> **TASK ITEM**:
Would it be possible to output exactly, and only, the lines below from the one holding "469 Bonnie Brier" to the last line, both included, with every picture left out?

> **RECORDED DATA**:
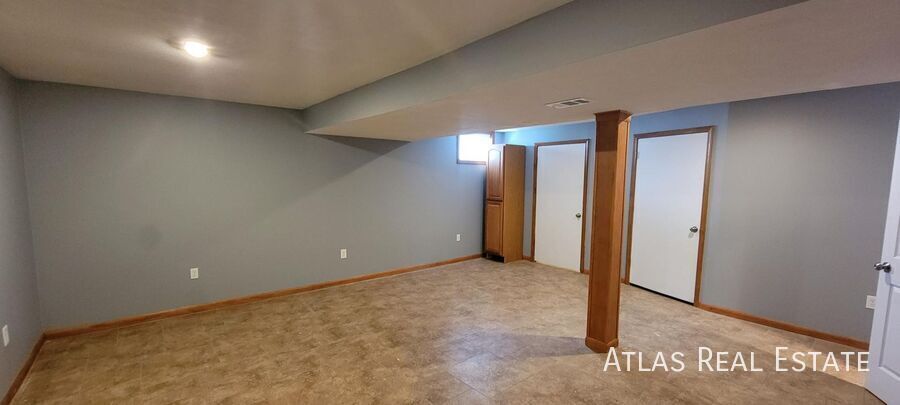 Building Photo - 205 NW Almond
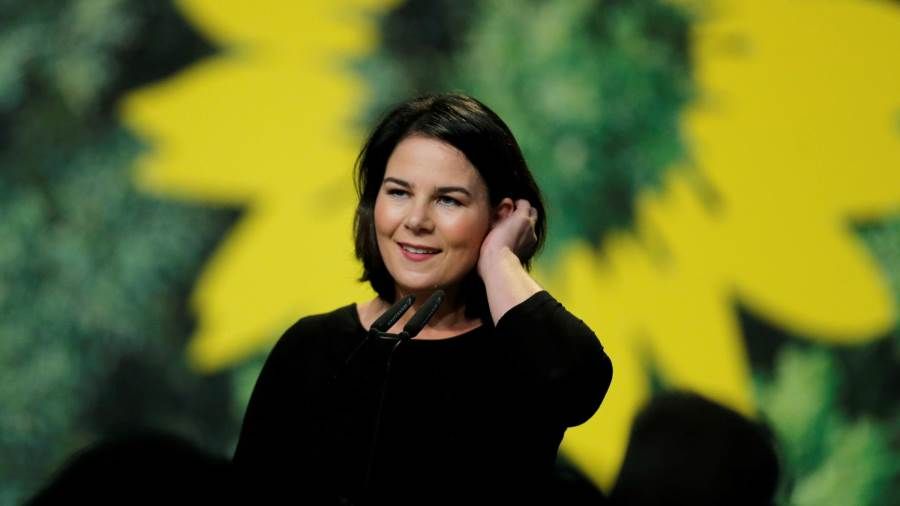 بعد فوزها.. موقف محرج وخطاب متلعثم لـ"خليفة ميركل"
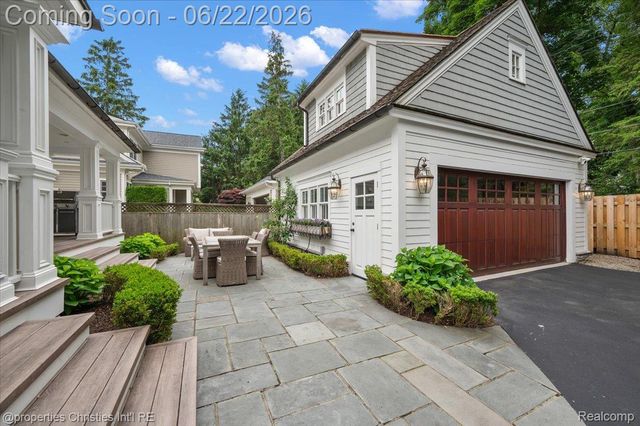 469 Bonnie Brier Street, Birmingham, MI 48009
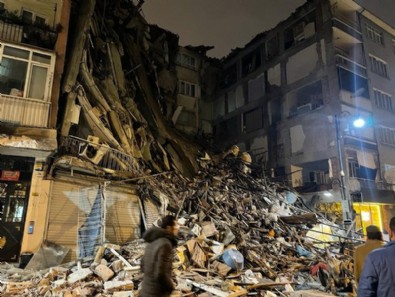 İçişleri Bakanı Soylu'dan Kahramanmaraş ve Gaziantep depremi açıklaması: 4. seviyede alarm verildi! Haberi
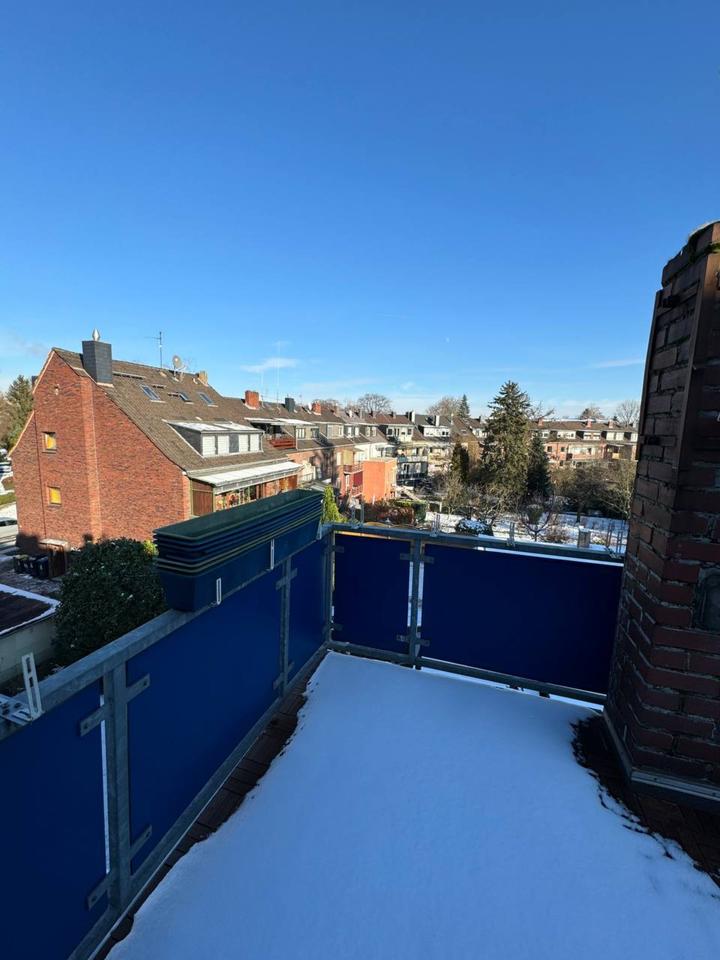 Thumbnail-schönes WG Zimmer in Düsseldorf (Eller)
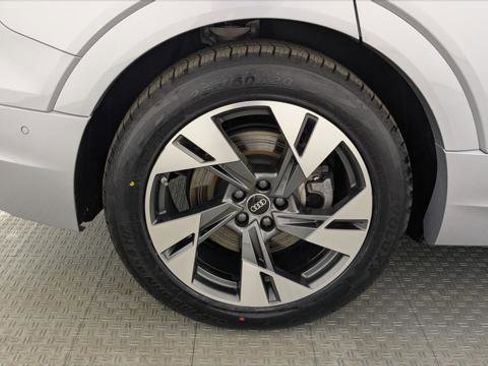 Used 2022 Audi e-tron Premium Plus w/ Premium Plus Package image 41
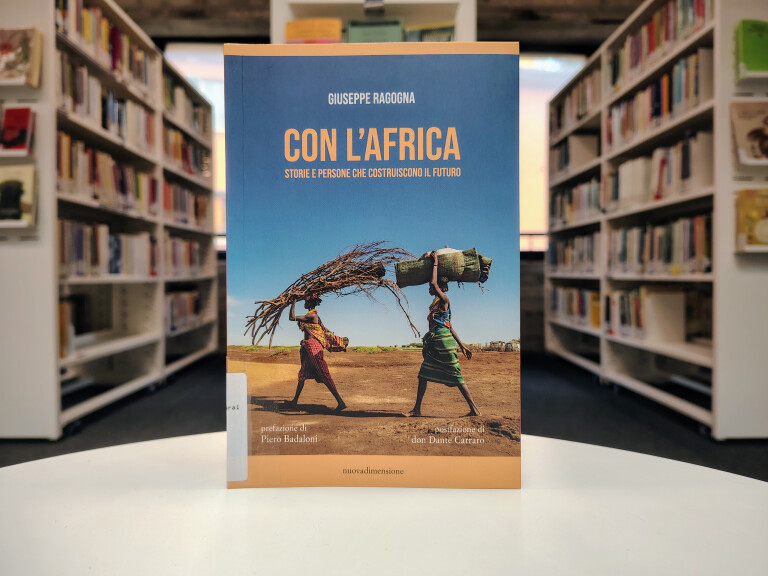 copertina di CON L’AFRICA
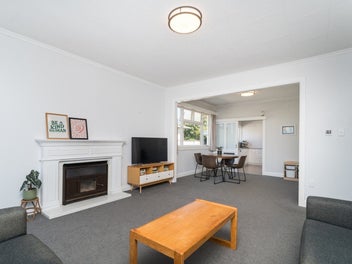 Hospital location / Top school zones / Rumpus room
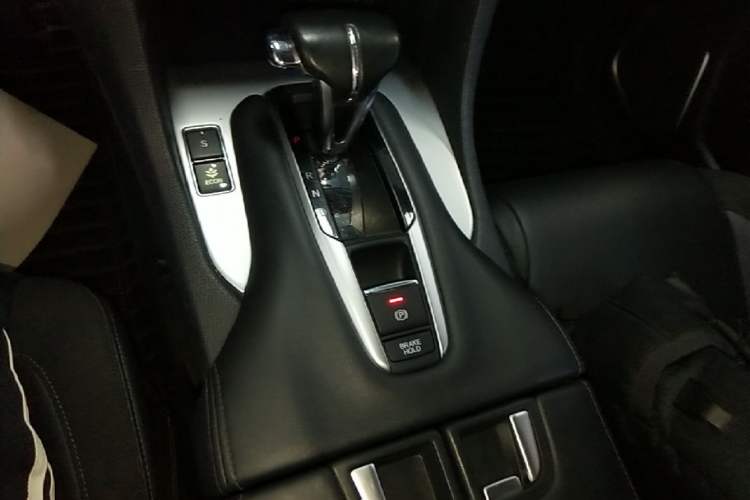 Used Honda Avancier 2017 240TURBO Two-Wheel Drive Luxury Edition Gear Lever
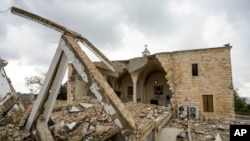 Kondisi terkini dari Gereja Katolik St. George Melkite di Kota Dardghaya, di selatan Lebanon, yang hancur akibat serangan udara Israel, pada 22 Desember 2024. (Foto: AP/Hassan Ammar)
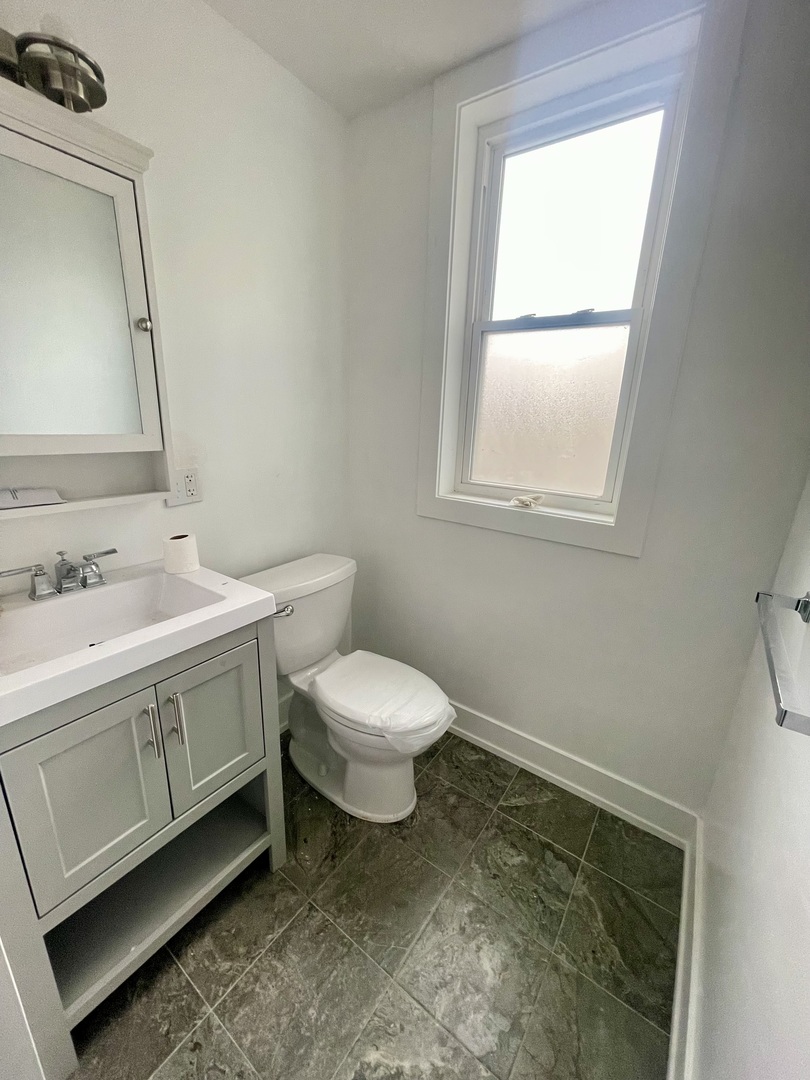 8035 South Essex Avenue Chicago IL 60617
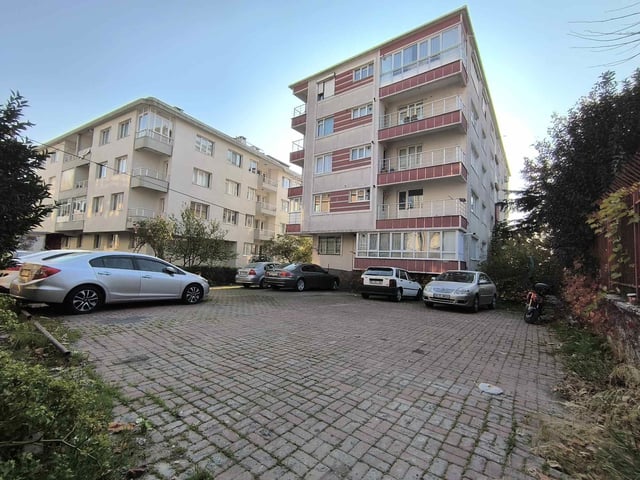 AMBARLI'DA KISMI DENIZ MANZARALI SATILIK 3+1  BOŞ DAIRE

> **SOLUTION TO THE PROBLEM**:
 469 Bonnie Brier Street, Birmingham, MI 48009
 İçişleri Bakanı Soylu'dan Kahramanmaraş ve Gaziantep depremi açıklaması: 4. seviyede alarm verildi! Haberi
 Thumbnail-schönes WG Zimmer in Düsseldorf (Eller)
 Used 2022 Audi e-tron Premium Plus w/ Premium Plus Package image 41
 copertina di CON L’AFRICA
 Hospital location / Top school zones / Rumpus room
 Used Honda Avancier 2017 240TURBO Two-Wheel Drive Luxury Edition Gear Lever
 Kondisi terkini dari Gereja Katolik St. George Melkite di Kota Dardghaya, di selatan Lebanon, yang hancur akibat serangan udara Israel, pada 22 Desember 2024. (Foto: AP/Hassan Ammar)
 8035 South Essex Avenue Chicago IL 60617
 AMBARLI'DA KISMI DENIZ MANZARALI SATILIK 3+1  BOŞ DAIRE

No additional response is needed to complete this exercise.